December 28, 2011 By: Category: WWE | Pro Wrestling

Steve CorinoLike in life, in wrestling the legacy of a wrestler is deemed to be the most important thing in one’s career. What you leave behind and the impact you cemented is what makes you unforgettable, great, an icon or a hall-of-famer. That legacy for one particular wrestler was cemented on December 23rd, 2011 in the Hammerstein Ballroom at ROH’s end of the year iPPV “Final Battle 2011.”

At the Hammerstein Ballroom, a venue that he main evented several times for Extreme Championship Wrestling, he stood across the ring from one of the best talents in wrestling today, Kevin Steen. It was at this point whether it was personally for you at the start, middle or end of the match that you realized the importance Steve Corino has had on wrestling; an importance that I can only compare to a great like Terry Funk.

That comparison for some wrestling fans and even quite possibly Steve Corino himself may be a title that may be too much of a high standard for “The King of Old School.” But think about it for just a second, when ECW was on its rise it was the veteran leadership of Terry Funk that elevated ECW to a new standard. Sure you had tremendous talents like Raven, Tommy Dreamer, Taz, Sabu etc. but it Terry Funk who used his time in the wrestling business to cement himself as a legend.

The closest thing we have to what ECW was “back in the day” is Ring of Honor. A company that for the better part of their existence survived on great in-ring talent, work ethic, YouTube video wires and DVD’s. It isn’t the ideal business plan for a wrestling company but it worked for them and led them to two television deals over the nearly 10 years of their existence.

If you look up & down the ROH roster today it is filled with talents who have made a name for themselves in ROH, talents who are starting to make a name in ROH and talents who will eventually make a name for themselves in ROH. It has the look and feel of an ECW roster during its heyday. The rock of those rosters, the “glue” you might say, lies within the veteran leadership of two particular wrestlers. For ECW it was Terry Funk and for ROH it’s Steve Corino.

It’s only fitting that the veteran of the ROH roster was a product of Extreme Championship Wrestling and like Terry Funk is very well traveled in his career. Just like Terry Funk’s career path, Corino spent time on mainstream television in the “bright lights.” For Funk it was the NWA, WWF and WCW. For Corino it was in ECW, during a time where he feuded with such greats like “The American Dream Dusty Rhodes,” a feud that is highly underrated in my opinion.

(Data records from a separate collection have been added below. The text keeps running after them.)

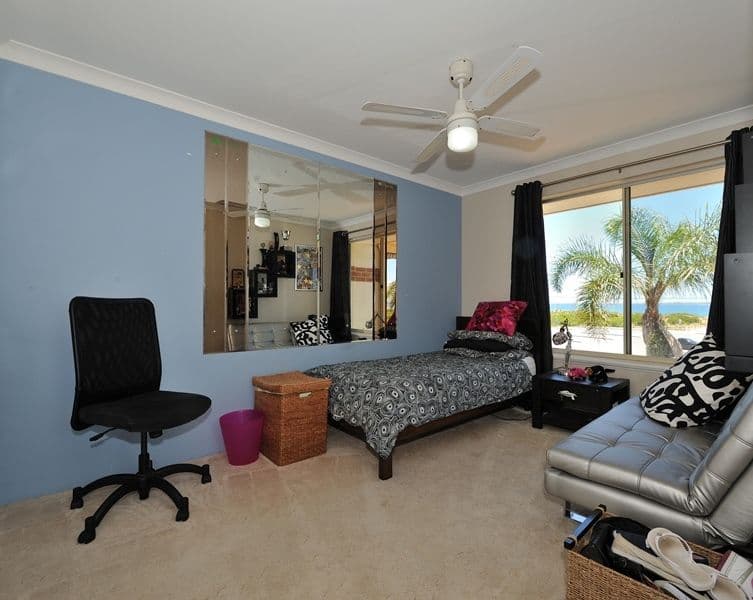 2 Victoria Street, ROCKINGHAM WA 6168, Rockingham - Thumbnail 7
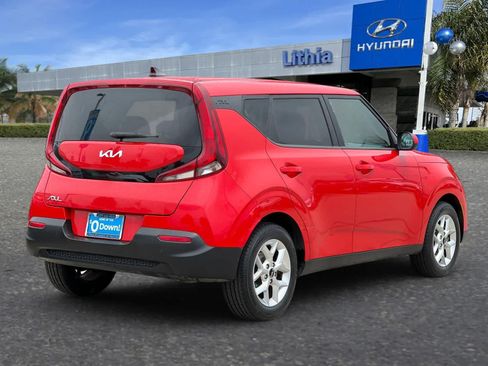 Used 2022 Kia Soul LX w/ Technology Package FWD image 3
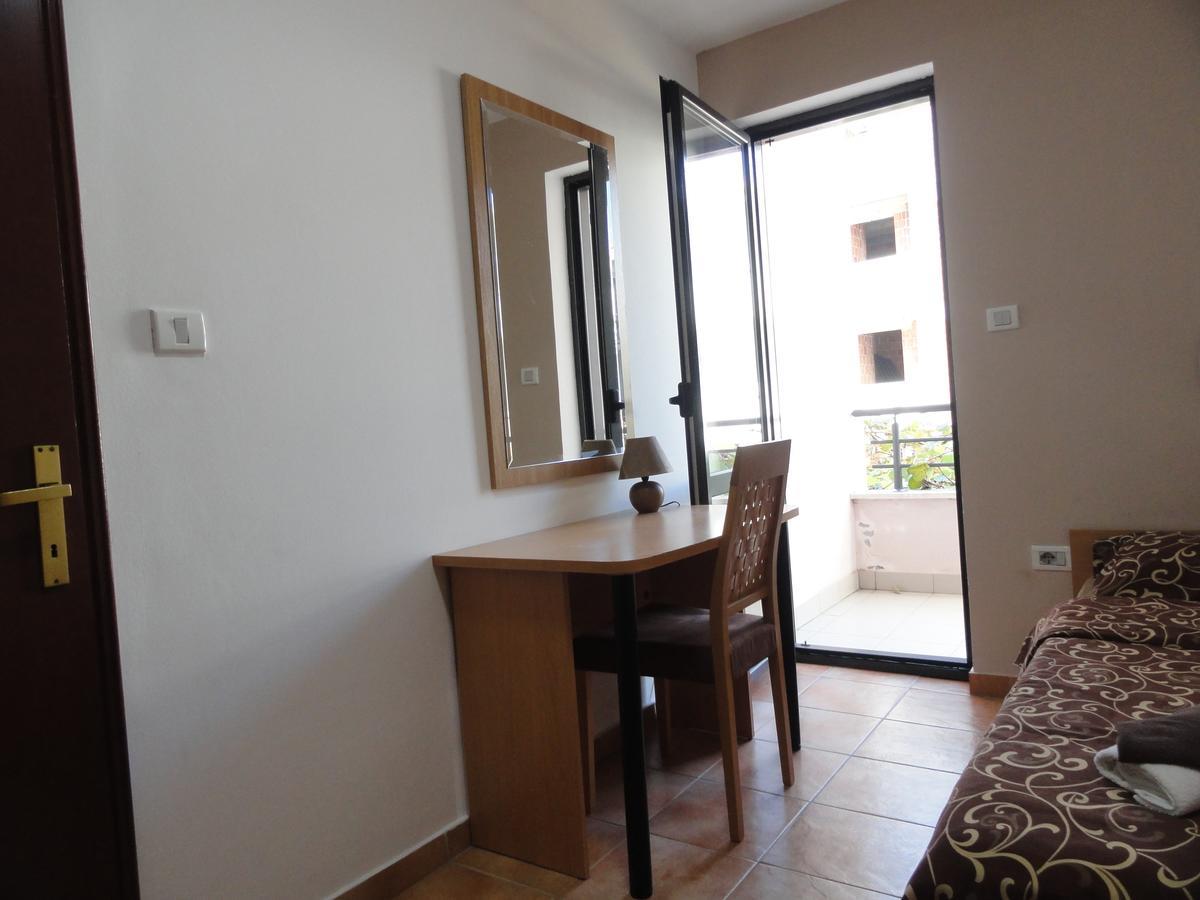 Apartments Mare Budva Ngoại thất bức ảnh
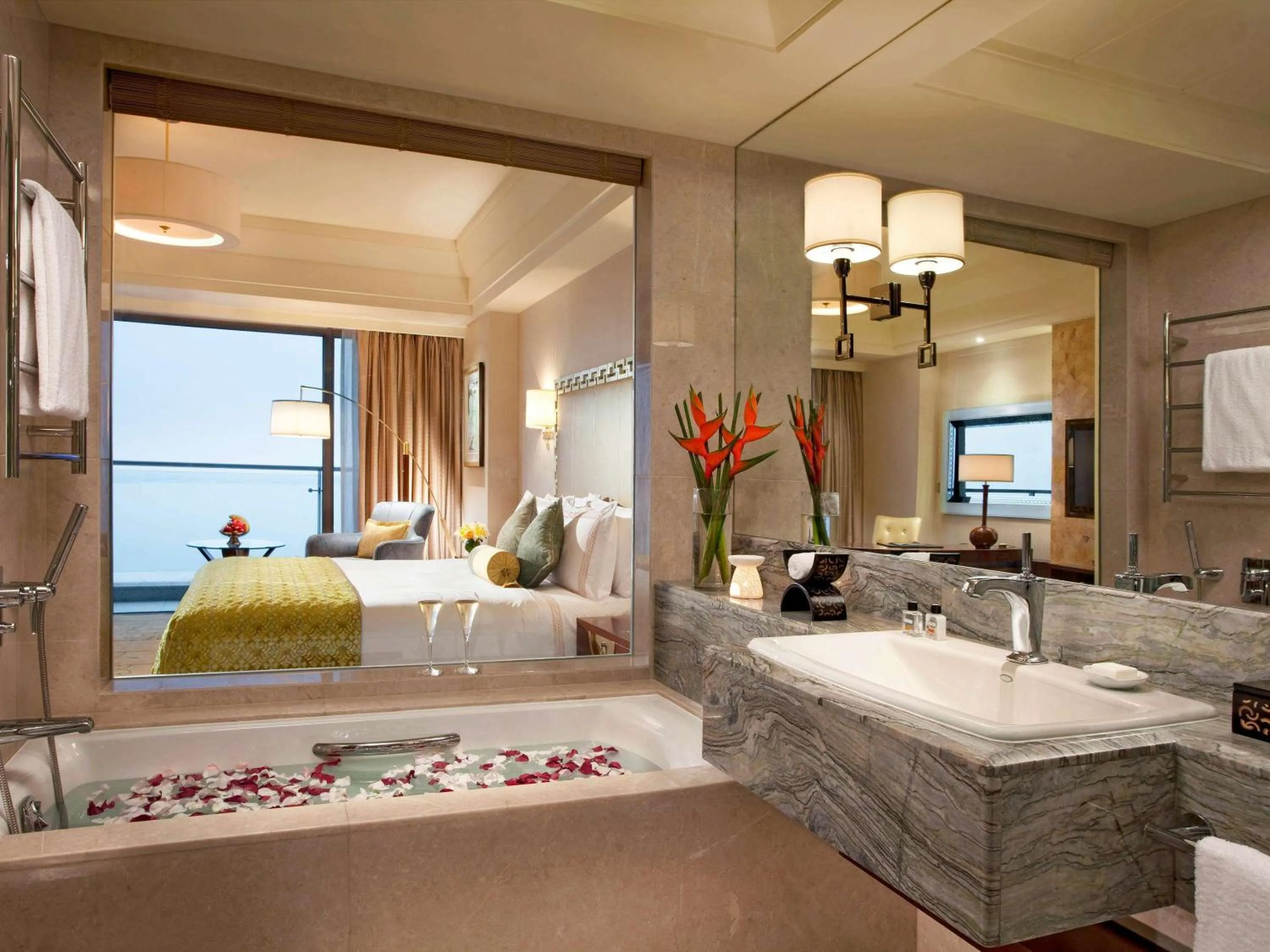 Bathroom, Bed in Fairmont Yangcheng Lake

Like Terry Funk was, Steve Corino is one of the most respected American wrestlers in Japan. An honor that is treated with high regard in the wrestling world as the respect and admiration wrestlers get from their time in Japan is unmatched to any other audience. The Japanese wrestling fans truly respect and honor their wrestlers & for Corino to share that honor with other American wrestlers is a true testament to his great career.

The legacy of Steve Corino outstretches other areas of the world besides American and Japan as well. He has spent time in Puerto Rico with the highly regarded World Wrestling Council (WWC) where he has captured various championships such as their World Junior Heavyweight Championship and Universal Heavyweight Championship. The list of Championship accomplishments Corino has captured in his career can also be compared to Terry Funk. But for me I don’t think there is more justification that Steve Corino is this generation’s version of Terry Funk then what he has helped accomplished the last two years in Ring of Honor wrestling.

In storyline purposes it started at Final Battle 2009 when Kevin Steen turned his back on his partner El Generico in one of Ring of Honor’s most memorable moments. The feud and turn was the result of Steve Corino convincing Kevin Steen to turn on his partner. For all of 2010, along with Kevin Steen, El Generico and Colt Cabana, Corino was part of one of the best storytelling & emotion grabbing feuds we have seen in wrestling for quite sometime. Corino and Cabana played the parts of the wrestling veterans while Steen & Generico elevated themselves as some of the most highly regarded talents in all of wrestling.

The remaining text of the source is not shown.